§ **Task to complete**
Pictures stay out, but every line of the data is copied exactly.

§ **Data extract**
# # # # #
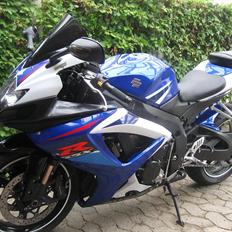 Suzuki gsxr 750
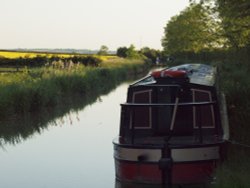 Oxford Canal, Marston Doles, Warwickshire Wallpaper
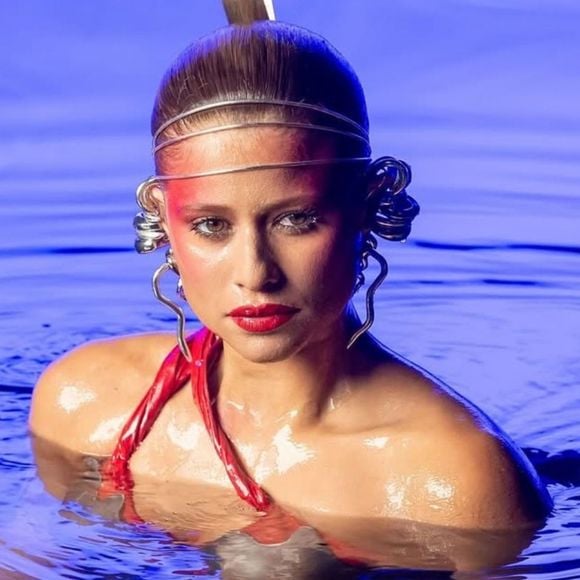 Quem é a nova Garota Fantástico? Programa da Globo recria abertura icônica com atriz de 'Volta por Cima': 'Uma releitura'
# # # # #
§ **Finished task**
 Suzuki gsxr 750
 Oxford Canal, Marston Doles, Warwickshire Wallpaper
 Quem é a nova Garota Fantástico? Programa da Globo recria abertura icônica com atriz de 'Volta por Cima': 'Uma releitura'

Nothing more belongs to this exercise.